Tam iki ay geçmişti o günün üstünden. Saçımı geriye attım ve asansöre bindim. Gerçek evli çiftler gibi iki ay geçirmiştik. Mutluluk asla ayrılmıyordu yanımızdan. Ömrümün sonuna kadar böyle olmasını istiyordum.

Asansör durunca aynada son kez kendime baktım ve sevinç ile Rodos'un odasına gittim. "Rodos içeride mi?" dedim neşe ile. "İçeriye kimseyi almayın demişti." dedi sekreter. "Sorun olmaz." diyerek sekreterin yanından ayrıldım ve içeri girdim. Kocaman koltukta bir kadın ile Rodos'u görmek beynimi dondurdu. İkisi de çıplaktı. Üst üste uyuyorlardı. Beynim zonklarken,hayal kırıklığı üzerimde dolanıyordu. Sessizce odadan çıkıp kapıyı kapattım. Göz yaşlarım yanaklarımdan süzülürken hemen şirketi terk ettim. Ağlamaktan nefesim kesilse de eve gitmiş ve bir sırt çantanın içine bir şeyler kattım. Hızlıca havaalanına gittim ardından. Düşünemiyordum.

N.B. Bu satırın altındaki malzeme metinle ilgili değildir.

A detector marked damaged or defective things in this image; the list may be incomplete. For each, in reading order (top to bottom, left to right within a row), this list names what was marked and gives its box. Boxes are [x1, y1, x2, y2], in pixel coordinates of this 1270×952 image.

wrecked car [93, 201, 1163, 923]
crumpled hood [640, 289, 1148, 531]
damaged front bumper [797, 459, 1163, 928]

Elimden ağlamaktan başka bir şey gelmiyordu. Neden diye sormak istiyordum. Ama alacağım cevaba hazır değildim. En yakın olan İtalya'ya bir bilet aldım. Vizem falan filan olduğu için sorun olmamıştı. Ağlamam yüzünden etrafımdaki insanların bakışlarını üzerime çeksem de umrumda değildi. Parmağımdaki yüzükleri çıkarıp avcumun içine kattım. Sımsıkı kapattım avcumu.

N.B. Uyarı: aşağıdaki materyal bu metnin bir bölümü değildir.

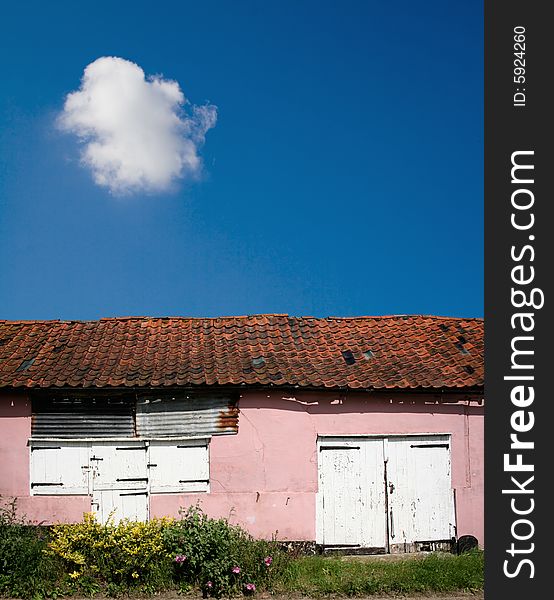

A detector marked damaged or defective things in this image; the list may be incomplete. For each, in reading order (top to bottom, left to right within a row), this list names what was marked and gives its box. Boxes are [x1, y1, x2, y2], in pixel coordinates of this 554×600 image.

rusty corrugated shutter [136, 394, 237, 436]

Bir gün ondan gideceğimi biliyordum. Ama hiçbir zaman böyle olmasını istememiştim. Çok mutluyken ne ara konu buralara gelmişti bilmiyorum.

Biz aşıktık.

Biz mutluyduk.

Peki neden böyle olmuştu?

Bildiğim tek şey vardı. Ben yıkılmıştım. Ve bu yıkılmanın ayağa kalkması yoktu.

8 Yıl Sonra - İtalya

"Seni özleyeceğim Leo." dedi genç kadın dolu gözleri ile. Genç adam sımsıkı sarıldı en yakın arkadaşına. "Unutma ben her zaman buradayım. Ve lütfen kendini yıpratma artık." dedi üzgün sesi ile. Genç kadın kafa salladı. Zamanı gelince İstanbul uçağına bindi.

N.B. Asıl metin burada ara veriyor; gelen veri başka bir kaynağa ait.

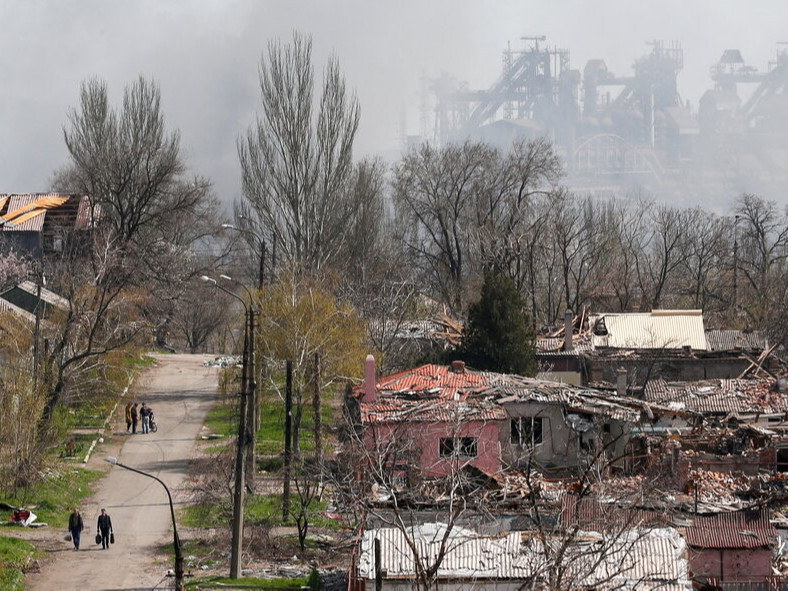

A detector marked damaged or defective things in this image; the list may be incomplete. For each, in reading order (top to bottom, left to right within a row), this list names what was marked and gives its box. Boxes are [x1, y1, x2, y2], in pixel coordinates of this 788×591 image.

rusty metal roof [588, 310, 704, 352]
broken window [440, 438, 478, 460]
broken window [510, 418, 540, 446]
rusty metal roof [684, 508, 776, 552]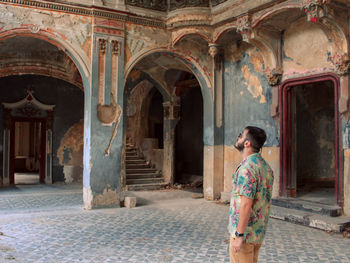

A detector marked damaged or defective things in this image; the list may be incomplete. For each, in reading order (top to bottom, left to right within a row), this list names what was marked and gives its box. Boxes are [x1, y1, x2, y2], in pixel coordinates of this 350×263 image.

peeling plaster wall [0, 76, 84, 184]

Bugün tam sekiz yıl olmuştu. O günden sonra. Toparlanması zor olmuştu. Ama toparlanmıştı. Teyzesi ve arkadaşları yardım etmişti ona. Sınava girmiş ve tıp kazanmıştı. Başarılı bir doktordu. Kusursuz bir kadındı. Tek kusuru ona aldatan o adama hâlâ aşık olmasıydı.

Tek bir haber almak istememişti ondan. Yıllarca kaçmıştı. Adam ise asla onu bırakmayı düşünmemişti. Aramaya devam etmişti yıllar boyu. Otuz beş yaşında olsa da hâlâ ilk günkü gibiydi. Genç kadının aşık olduğu gibi.

İstanbul - İbrin Arca

Havaalanında teyzemleri görünce yanlarına gittim. Sımsıkı sarıldık. Göz yaşlarım yanaklarımda çoktan yerini bulmuştu. Oysa sekiz sene önce bugün yemin etmiştim. Ama bu ağlama onun ardından değildi,özlemdendi.

Arın sımsıkı sarıldı. Arabaya bindik beraber. Çok görüşemiyorduk. Ama haberleşmeyi asla bırakmamıştık.

"İşe ne zaman başlayacaksın fındığım?" dedi teyzem. "Yarın. Bugün dinlenmem söylendi. Bana kalsa giderdim ama." diyerek omuz silktim. İşimi seviyordum. İş kolik falan değildim yani. Sadece canımdan can giderken,başka insanların canını kurtarmak bana iyi geliyordu. Eve gelince özlemle baktım. Her yerini özlemiştim. Hep beraber hasret giderme seanslarından sonra yatağıma yatmış ve uyuma moduna geçmiştim.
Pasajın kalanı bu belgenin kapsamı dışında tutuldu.